Décidément remis de son hépatite, Bouyou introduisit aux Sycomores une savoureuse innovation. Le matin, il déjeunait d’œufs brouillés, de saucisses, et de ce que les Américains appellent french toasts, des tranches de pain de mie frais façon pain perdu. Ayant même rapporté de son séjour aux États-Unis la recette des pancakes, il se promit de nous en confectionner. Ne savait-il pas à Clermont une épicerie où se procurer du vrai faux sirop d’érable ?

– Le vrai faux est bien plus authentiquement américain que le vrai.

Daniel fit observer que l’érable et le sycomore étaient apparentés. « Vive les pancakes ! » cria Piéchaud.

Bref, dès le premier jour, nous fûmes réveillés par des odeurs de cuisine. Bouyou, vêtu d’un costume gris impeccable, officiait.

– Pour ce matin, il faudra vous passer de saucisses, dit-il à Georges ahuri. C’était fermé.

D’autorité, il avait préparé des œufs brouillés pour tout le monde. Nous craignions la réaction de Claire, qui les digérait si mal. Elle en reprit. En revanche, elle bouda les french toasts :

– Du coup, je n’ai pas envie de sucré.

Bouyou avait en outre acheté L’Avenir, ignorant que les Dumuids étaient abonnés. Le journal passa de mains en mains. Rien sur l’affaire.

– Tant mieux, dit Jacques, les journalistes finissaient par raconter n’importe quoi.

Je l’approuvai. De fait, une âme charitable ayant communiqué ce détail à Frérot, la présence de taches de sang sur la statue avait inspiré au folliculaire un article poignant de sottise. Je tremblais qu’il n’apprît mon autre identité ; il était capable de me mettre le crime sur le dos.

– À propos, demandai-je au poète, vous connaissez sûrement Pierre-Marc Anglade ?

– C’est un grand ami de Christian. Pourquoi ?

– J’aimerais le rencontrer.

– Rien de plus facile. Christian est en vacances, mais nous pourrons nous recommander de lui. Je pensais justement aller à Clermont ce matin. Accompagnez-moi.

Claire s’interposa :

– Et votre partie de pêche ?

– Nous avons renoncé, soupira Daniel. À cause de ton oncle ; nous ne voulions pas rater le petit déj’ à l’américaine.

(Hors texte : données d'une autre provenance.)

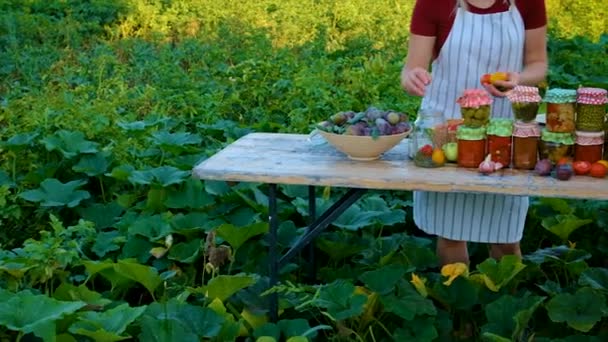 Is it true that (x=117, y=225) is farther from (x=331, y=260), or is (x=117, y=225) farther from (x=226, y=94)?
(x=226, y=94)

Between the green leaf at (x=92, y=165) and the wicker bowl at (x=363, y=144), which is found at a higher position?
the wicker bowl at (x=363, y=144)

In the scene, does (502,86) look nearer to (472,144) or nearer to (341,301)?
(472,144)

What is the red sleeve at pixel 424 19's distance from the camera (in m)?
3.54

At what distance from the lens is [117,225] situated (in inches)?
171

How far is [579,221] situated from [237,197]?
4.55 feet

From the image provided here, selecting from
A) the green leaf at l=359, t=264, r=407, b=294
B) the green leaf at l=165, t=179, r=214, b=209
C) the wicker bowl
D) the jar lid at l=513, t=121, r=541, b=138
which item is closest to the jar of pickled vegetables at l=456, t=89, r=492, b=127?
the jar lid at l=513, t=121, r=541, b=138

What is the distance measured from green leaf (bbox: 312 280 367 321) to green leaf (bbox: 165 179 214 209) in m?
1.16

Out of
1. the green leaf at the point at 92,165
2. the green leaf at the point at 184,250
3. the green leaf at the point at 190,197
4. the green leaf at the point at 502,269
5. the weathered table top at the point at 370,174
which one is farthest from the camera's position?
the green leaf at the point at 92,165

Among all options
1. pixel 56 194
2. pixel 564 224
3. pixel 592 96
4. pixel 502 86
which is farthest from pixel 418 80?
pixel 56 194

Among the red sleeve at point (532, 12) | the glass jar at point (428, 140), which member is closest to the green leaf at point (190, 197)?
the glass jar at point (428, 140)

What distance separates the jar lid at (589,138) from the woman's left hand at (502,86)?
264mm

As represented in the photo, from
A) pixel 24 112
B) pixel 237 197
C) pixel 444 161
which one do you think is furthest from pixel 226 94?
pixel 444 161

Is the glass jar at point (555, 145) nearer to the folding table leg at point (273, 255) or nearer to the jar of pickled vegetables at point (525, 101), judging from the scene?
the jar of pickled vegetables at point (525, 101)

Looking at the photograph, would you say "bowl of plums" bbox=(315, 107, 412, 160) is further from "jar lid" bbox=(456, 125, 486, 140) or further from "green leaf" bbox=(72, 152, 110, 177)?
"green leaf" bbox=(72, 152, 110, 177)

– Dis plutôt que vous êtes de sacrés flemmards.

Il éclata de rire :

– C’est bien la première fois qu’on m’accuse de paresse parce que je ne vais pas à la pêche !

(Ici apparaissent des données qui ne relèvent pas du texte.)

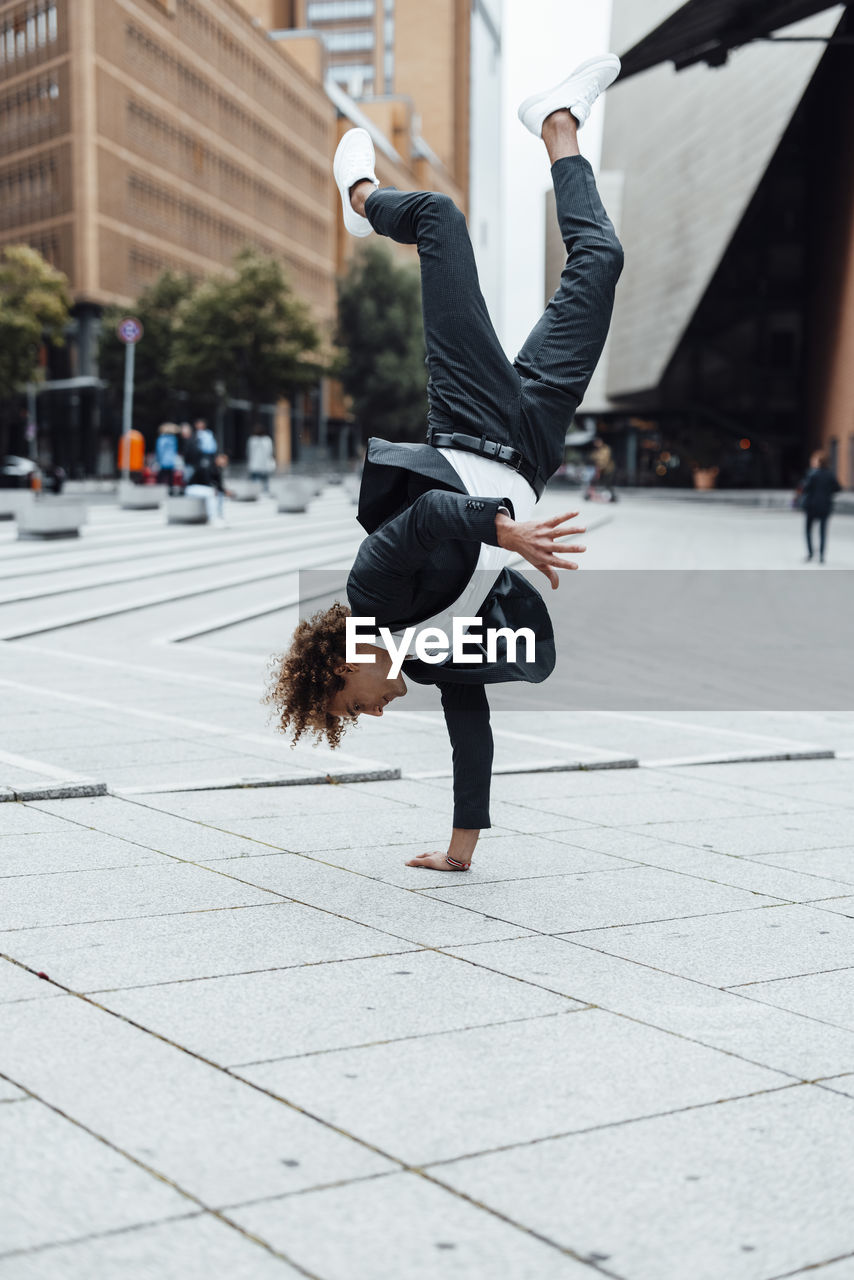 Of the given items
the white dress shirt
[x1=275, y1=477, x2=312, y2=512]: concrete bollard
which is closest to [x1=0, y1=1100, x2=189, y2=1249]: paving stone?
the white dress shirt

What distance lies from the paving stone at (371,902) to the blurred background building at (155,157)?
1892 inches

– Nous pourrions prendre ma voiture, dis-je à Piéchaud.

– Vous vous méfiez de mon tank ? Il roule bien, vous savez. Pas un pépin en huit ans.

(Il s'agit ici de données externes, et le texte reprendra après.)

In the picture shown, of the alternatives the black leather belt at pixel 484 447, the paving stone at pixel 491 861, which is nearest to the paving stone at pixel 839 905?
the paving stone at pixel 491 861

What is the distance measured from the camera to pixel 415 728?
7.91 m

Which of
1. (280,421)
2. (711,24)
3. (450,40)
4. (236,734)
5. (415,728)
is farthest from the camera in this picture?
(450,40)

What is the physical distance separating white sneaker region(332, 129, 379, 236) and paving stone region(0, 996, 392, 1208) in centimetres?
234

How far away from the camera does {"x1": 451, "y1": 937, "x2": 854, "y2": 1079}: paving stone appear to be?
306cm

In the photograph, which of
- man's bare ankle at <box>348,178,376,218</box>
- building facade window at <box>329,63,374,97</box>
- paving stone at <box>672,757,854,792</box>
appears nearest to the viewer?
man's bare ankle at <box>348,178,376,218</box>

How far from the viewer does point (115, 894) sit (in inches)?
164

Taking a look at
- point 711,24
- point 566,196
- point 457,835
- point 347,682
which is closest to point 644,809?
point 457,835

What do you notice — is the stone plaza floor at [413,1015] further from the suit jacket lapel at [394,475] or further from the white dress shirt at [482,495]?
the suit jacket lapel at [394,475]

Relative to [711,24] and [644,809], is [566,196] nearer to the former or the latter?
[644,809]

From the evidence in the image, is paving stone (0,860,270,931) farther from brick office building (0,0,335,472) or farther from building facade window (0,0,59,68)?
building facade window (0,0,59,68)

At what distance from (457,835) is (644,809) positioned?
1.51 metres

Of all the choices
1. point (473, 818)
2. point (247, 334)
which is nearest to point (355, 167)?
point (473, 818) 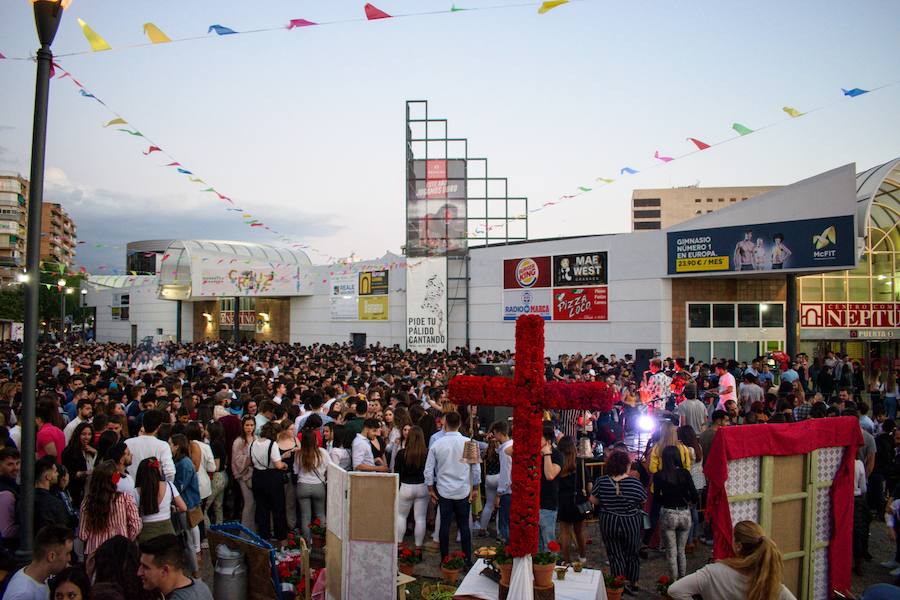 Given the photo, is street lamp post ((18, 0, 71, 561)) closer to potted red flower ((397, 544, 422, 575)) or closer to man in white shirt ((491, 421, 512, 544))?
potted red flower ((397, 544, 422, 575))

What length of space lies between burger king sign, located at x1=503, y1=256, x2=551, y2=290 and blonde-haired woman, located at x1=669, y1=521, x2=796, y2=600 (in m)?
20.9

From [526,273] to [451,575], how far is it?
19984 millimetres

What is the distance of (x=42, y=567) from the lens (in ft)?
12.8

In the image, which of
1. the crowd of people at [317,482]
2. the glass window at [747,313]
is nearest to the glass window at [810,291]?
the glass window at [747,313]

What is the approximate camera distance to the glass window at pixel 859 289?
80.0 ft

Soudain, son visage se métamorphosa. Un tic nerveux lui tordit la bouche ; il jeta le journal sur la nappe, et plongea sa tête dans ses mains.

Je me levai, comme pour lui porter secours, mais Ursule me retint.

– Laissez-le, me souffla-t-elle.

Stupéfait, je vis Jacques quitter la table et, d’un pas chancelant, gagner le couloir, tandis que Georges, qui était allé prendre le frais sur la terrasse, rentrait.

– Il s’en est aperçu ? nous demanda-t-il à voix basse. Géniale, l’idée du canard.